## Exercise
From start to end, write out the following data exactly, apart from its images.

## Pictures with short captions
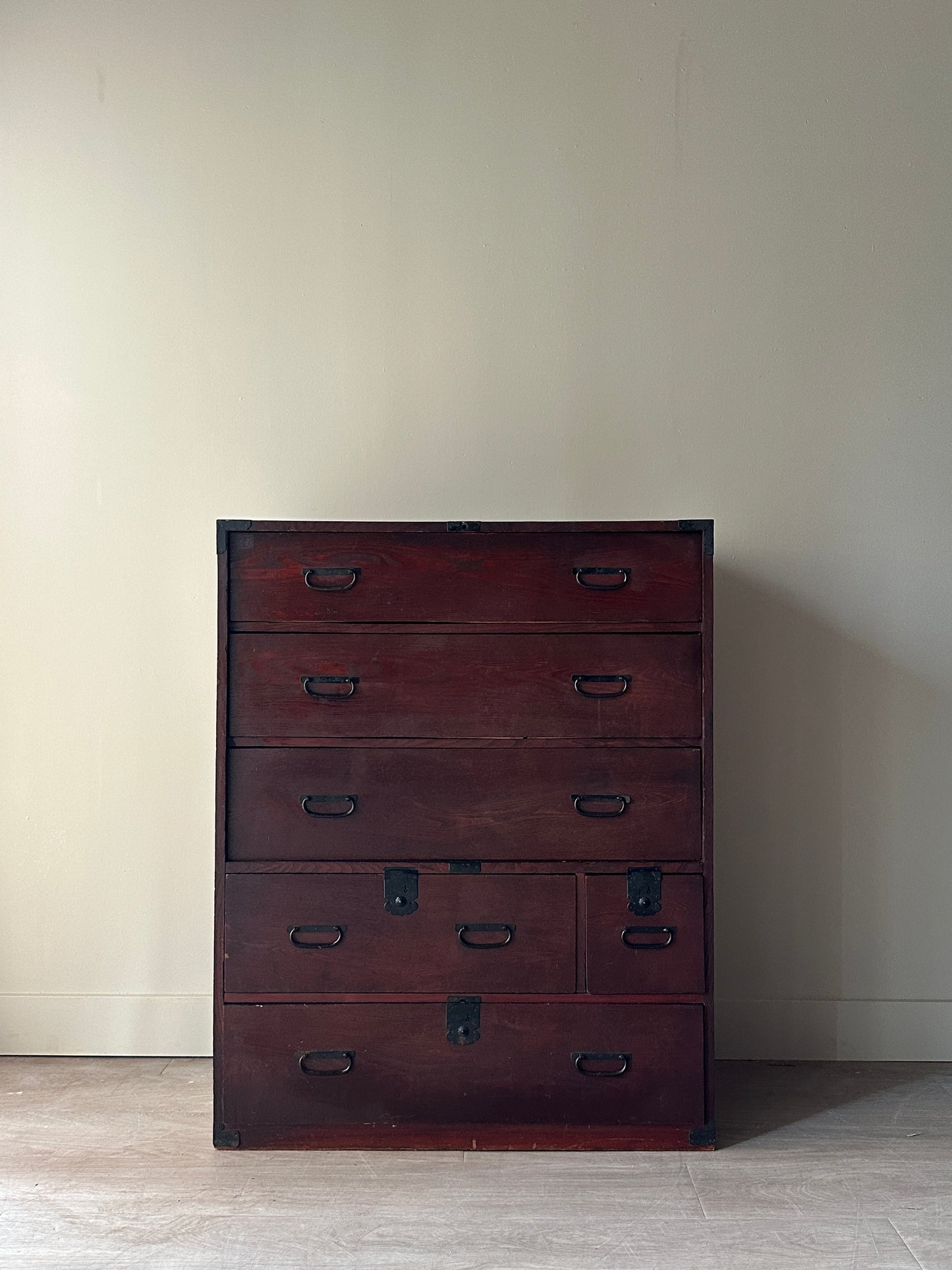 Elmwood Tansu Chest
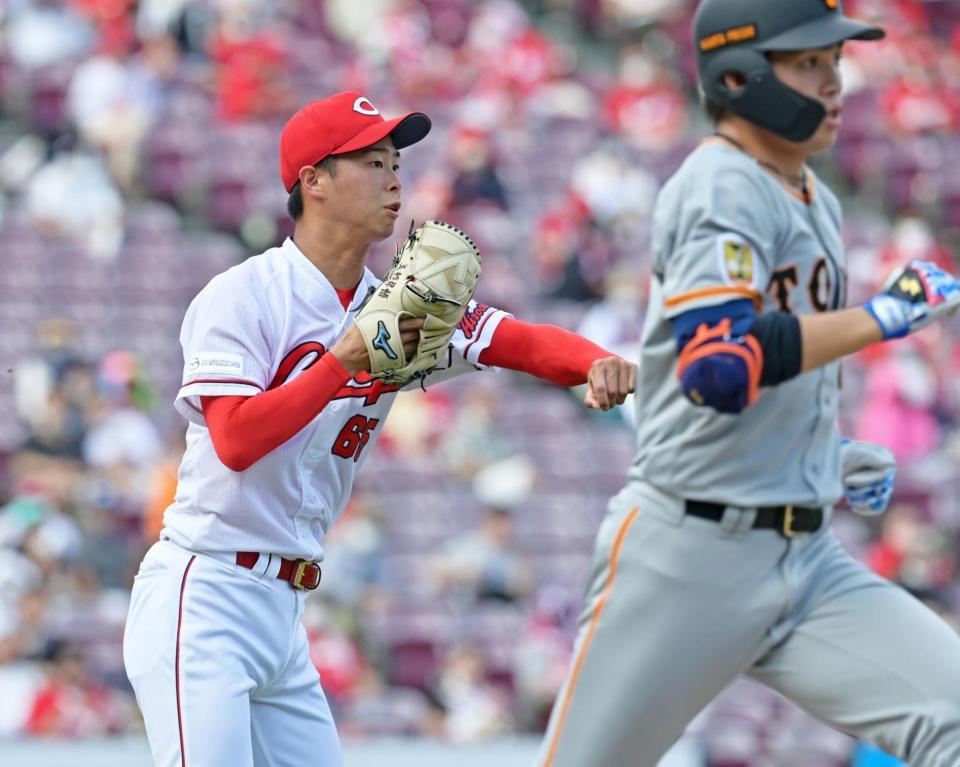 　３回、高橋（右）のゴロを処理するも一塁へ悪送球して出塁を許す玉村（撮影・立川洋一郎）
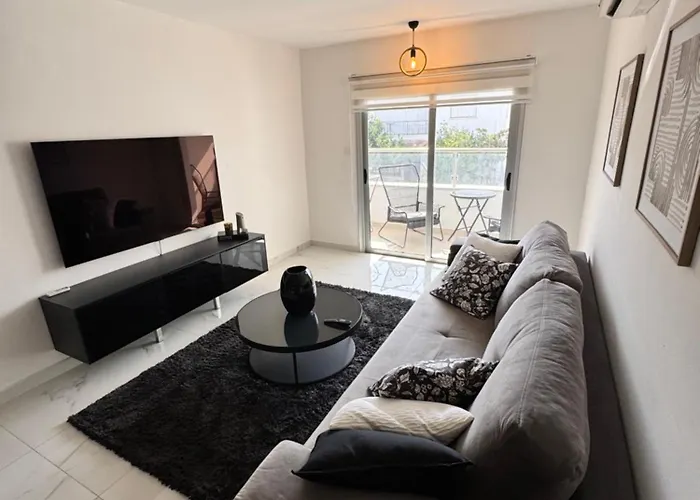 Bachelor Court 1 Apartament *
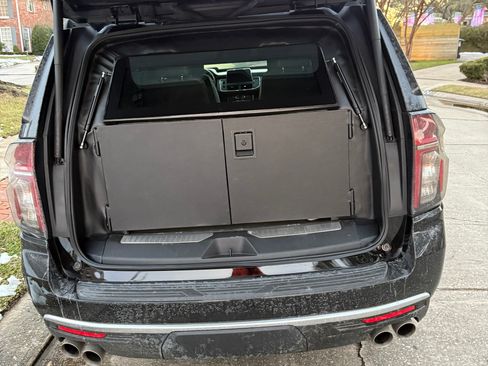 Used 2024 Chevrolet Suburban High Country w/ Max Trailering Package AWD/4WD image 8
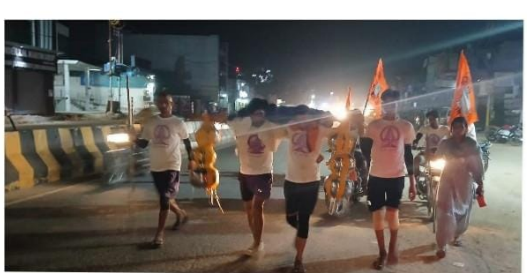 उम्मीद सामाजिक संस्था ने कांवड़ियों को किया चाय वितरण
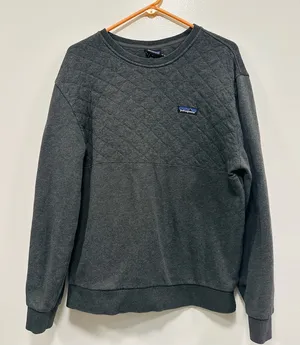 Patagonia women’s Gray Quilted organic cotton Sweater Size medium thumbnail 1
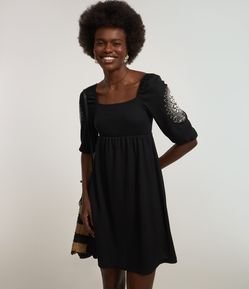 Vestido Curto Texturizado com Bordado Floral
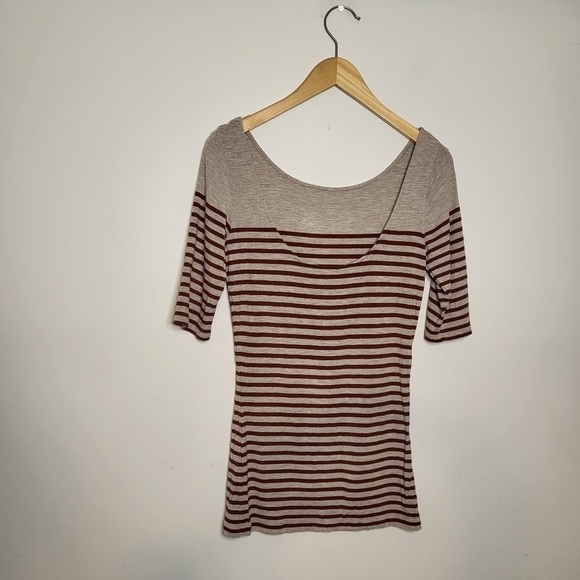 Club Monaco Striped Top Size Small - Picture 3 of 8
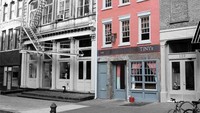 Berada di tengah himpitan gedung-gedung besar, kafe bernama Tinys tampil paling mungil. Karena hanya bisa menampung sedikit pelanggan, maka diperlukan reservasi untuk makan di sini. Foto: Pinterest via Delish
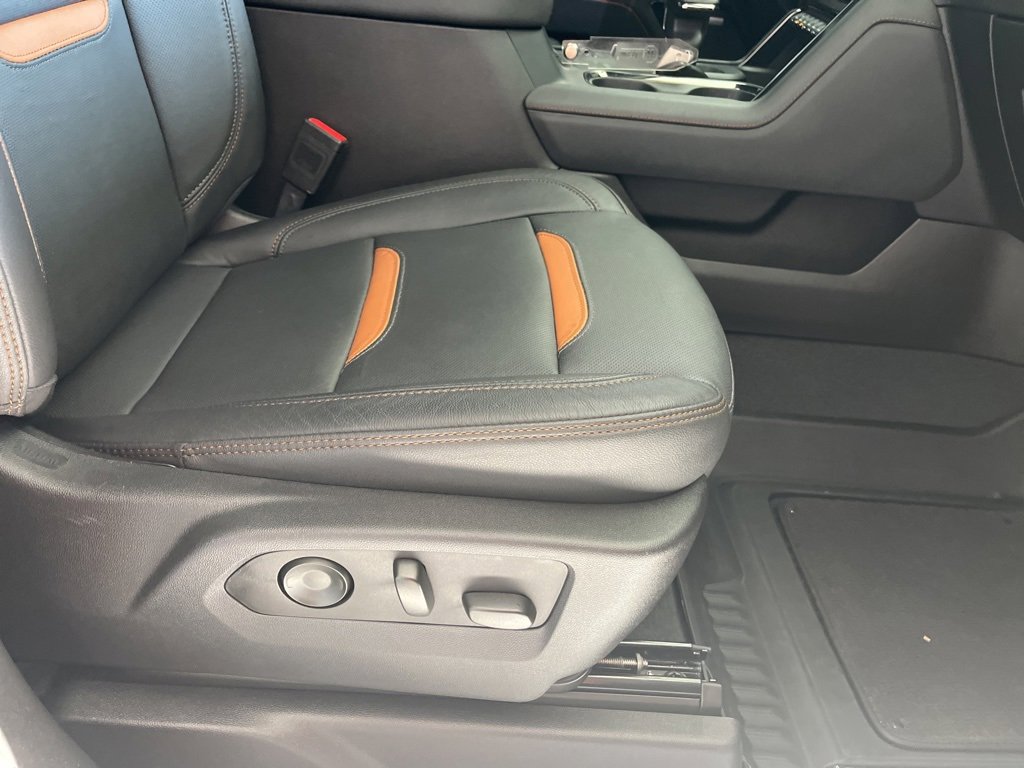 Used 2024 GMC Sierra 1500 AT4 w/ Technology Package image 38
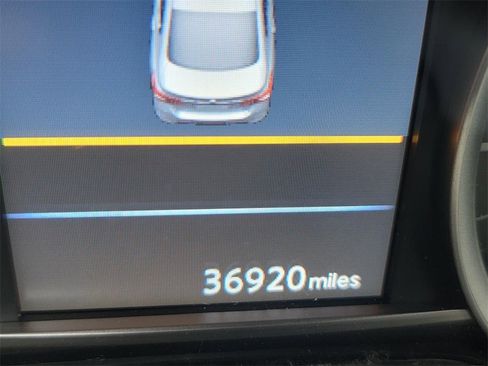 Used 2019 Nissan Sentra SV w/ Special Edition Package image 12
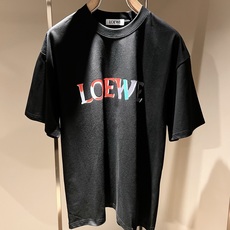 LOE*WE罗*威 2026春夏新款男女同款👫短袖T恤,意大利原厂订单渠道,极具个性高级风,标志logo图案印花工艺设计 LOE*WE罗*威 2026春夏新款男女同款👫短袖T恤,意大利原厂订单渠道,极具个性高级风,标志logo图案印花工艺设计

## Result for this exercise
 Elmwood Tansu Chest
 　３回、高橋（右）のゴロを処理するも一塁へ悪送球して出塁を許す玉村（撮影・立川洋一郎）
 Bachelor Court 1 Apartament *
 Used 2024 Chevrolet Suburban High Country w/ Max Trailering Package AWD/4WD image 8
 उम्मीद सामाजिक संस्था ने कांवड़ियों को किया चाय वितरण
 Patagonia women’s Gray Quilted organic cotton Sweater Size medium thumbnail 1
 Vestido Curto Texturizado com Bordado Floral
 Club Monaco Striped Top Size Small - Picture 3 of 8
 Berada di tengah himpitan gedung-gedung besar, kafe bernama Tinys tampil paling mungil. Karena hanya bisa menampung sedikit pelanggan, maka diperlukan reservasi untuk makan di sini. Foto: Pinterest via Delish
 Used 2024 GMC Sierra 1500 AT4 w/ Technology Package image 38
 Used 2019 Nissan Sentra SV w/ Special Edition Package image 12
 LOE*WE罗*威 2026春夏新款男女同款👫短袖T恤,意大利原厂订单渠道,极具个性高级风,标志logo图案印花工艺设计 LOE*WE罗*威 2026春夏新款男女同款👫短袖T恤,意大利原厂订单渠道,极具个性高级风,标志logo图案印花工艺设计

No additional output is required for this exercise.